The Company expends considerable effort to collect the amounts due for its
services on the terms agreed upon with its clients. Many of the Company's
clients participate in programs funded by federal and state governmental
agencies which historically have encountered delays in making payments to its
program participants. Whenever possible, when a client falls behind in making
agreed-upon payments, the Company converts the unpaid accounts receivable to
interest bearing promissory notes. The promissory notes receivable provide a
means by which to further evidence the amounts owed, provide a definitive
repayment plan and therefore may enhance the ultimate collectibility of the
amounts due. In some instances the Company obtains a security interest in
certain of the debtors' assets.
The Company encounters difficulty in collecting amounts due from certain of
its clients, including those in bankruptcy, those which have terminated service
agreements and slow payers experiencing financial difficulties. In order to
provide for these collection problems and the general risk associated with the
granting of credit terms, the Company has recorded bad debt provisions of
$2,339,515, $899,551 and $2,050,000 in the years ended December 31, 1998, 1997
and 1996 respectively. In making its evaluation, in addition to analyzing, and
anticipating, where possible, the specific cases described above, management
considers the general collection risk associated with trends in the long-term
care industry.
The Company has a $13,000,000 bank line of credit on which it may draw to
meet short-term liquidity requirements in excess of internally generated cash
flow, that expires on September 30, 1999. Amounts drawn under the line are
payable on demand. At December 31, 1998, there were no borrowings under the
line. However, at such date, the line was fully utilized as a result of
contingent liabilities of the Company to the lender relating to letters of
credit issued for the Company (see Note 8 of Notes to Financial Statements).
At December 31, 1998, the Company had $17,201,408 of cash and cash
equivalents, which it views as its principal measure of liquidity.
The level of capital expenditures by the Company is generally dependent on
the number of new clients obtained. Such capital expenditures primarily consist
of housekeeping equipment and laundry and linen equipment installations.
Although the Company has no specific material commitments for capital
expenditures through the end of calendar year 1999, it estimates that it will
incur capital expenditures of approximately $2,500,000 during this period in
connection with housekeeping equipment and laundry and linen equipment
installations in its clients' facilities, as well as hardware and software
expenditures relating to the implementation of a new computerized financial
reporting system. The Company believes that its cash from operations, existing
balances and credit line will be adequate for the foreseeable future to satisfy
the needs of its operations and to fund its continued growth. However, if the
need arose, the Company would seek to obtain capital from such sources as
long-term debt or equity financing.
In accordance with the Company's previously announced authorizations to
purchase its outstanding common stock, the Company expended $3,496,000 to
purchase 369,000 shares of its common stock during 1998 at an average price of
$9.47 per share. The Company remains authorized to purchase 469,950 shares
pursuant to previous Board of Directors action (in each case after giving effect
to the 50% stock dividend described below).

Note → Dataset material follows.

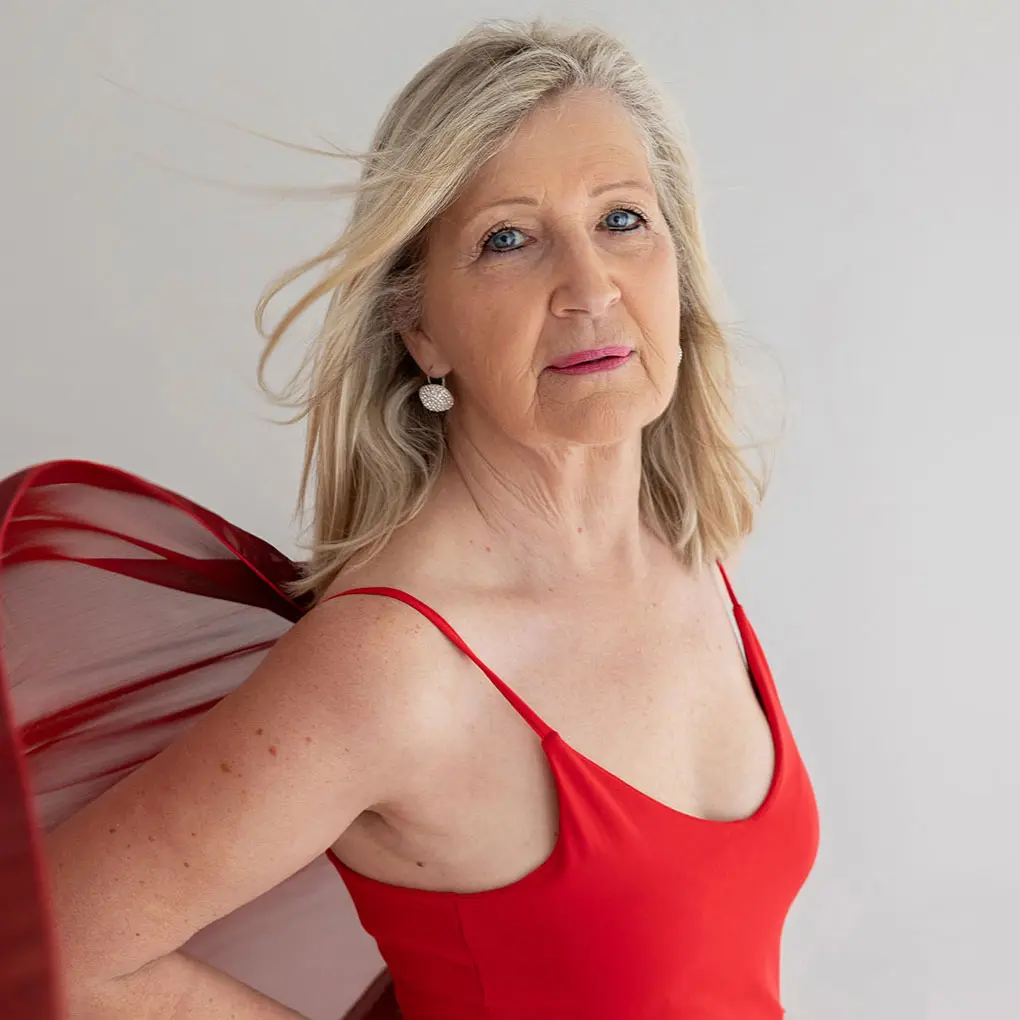 My mum in a red dress in my Twickenham studio, a portrait about body image after 40 and seeing yourself kindly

The Company's Board of Director's declared a three-for-two stock split in the
form of a 50% stock dividend payable August 27, 1998, to the owners of its
Common Stock of record at the close of business August 17, 1998. The effect of
this action was to increase shares outstanding by 3,693,432. The three-for-two
stock split has been reflected in the December 31, 1998 balance sheet.
12
Effect of Recently Issued Accounting Pronouncements
Accounting for Derivative Instruments and Hedging Activities
- ------------------------------------------------------------
In June 1998, the FASB issued SFAS No. 133, "Accounting for Derivative
Instruments and Hedging Activities," which is effective for fiscal years
beginning after June, 1999. SFAS No. 133 requires all entities to recognize all
derivative instruments on their balance sheet as either assets or liabilities
measured at fair value. SFAS No. 133 also specifies new methods of accounting
for hedging transactions, prescribes the items and transactions that may be
hedged, and specifies detailed criteria to be met to qualify for hedge
accounting.
Adoption of SFAS No. 133 is not expected to have a material effect on the
Company's consolidated financial statements.

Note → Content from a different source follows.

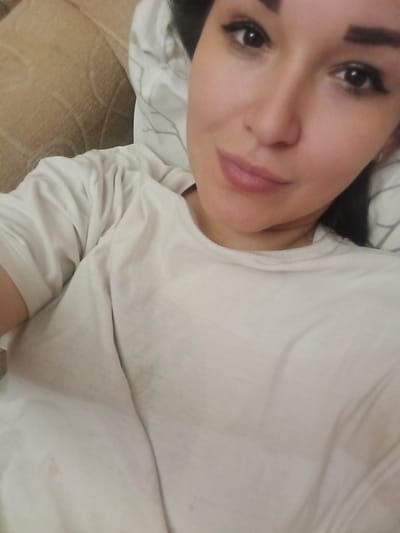 The media file is a close-up, selfie-style photograph of a woman lying down. She is wearing a light-colored long-sleeved shirt. Her face is partially visible, with her eyes and mouth in focus. She has dark hair and appears to be wearing makeup. The background consists of a light-colored textured surface, possibly a sofa or bed, and some crumpled bedding with a subtle pattern. The lighting suggests it could be indoors, potentially during the day or evening. There is no visible text in the image. The overall impression is a casual, relaxed moment.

Other Matters - Year 2000 Compliance
The Company has implemented new operating and application software which has
become operational during 1998. The Company has been notified by the software
manufacturer, as well as the firm providing installation support, that the new
applications have functionality for the year 2000. Therefore, the Company does
not believe it will incur any material expense, beyond the new systems
installation costs, with respect to year 2000 issues. Additionally, the Company
utilizes an independent service bureau for the processing and payment of payroll
and payroll related taxes. The Company has been notified by its payroll
processing company that all of its systems will be fully compliant with year
2000 requirements. Many of the Company's clients participate in programs funded
by federal and state governmental agencies which may be affected by year 2000
issues. Any failure by the Company, its outside processing company, its clients
or the federal and state governmental agencies to effectively monitor, implement
or improve the above referenced operational, financial, management and technical
support systems could have a material adverse effect on the Company's business
and consolidated results of operations.
Cautionary Statements Regarding Forward Looking Statements
Certain matters discussed may include forward-looking statements that are
subject to risks and uncertainties that could cause actual results or objectives
to differ materially from those projected. Such risks and uncertainties include,
but are not limited to, risks arising from the Company providing its services
exclusively to the health care industry, primarily providers of long-term care,
and credit and collection risks associated with this industry. Additionally, the
Company's operating results would be adversely effected if unexpected increases
in the costs of labor, materials, supplies and equipment used in performing its
services could not be passed on to its clients.
In addition, the Company believes that to improve its future financial
performance it must continue to obtain service agreements with new clients,
provide new services to existing clients, achieve modest price increases on
current service agreements with existing clients and maintain internal cost
reduction strategies at the various operational levels of the Company.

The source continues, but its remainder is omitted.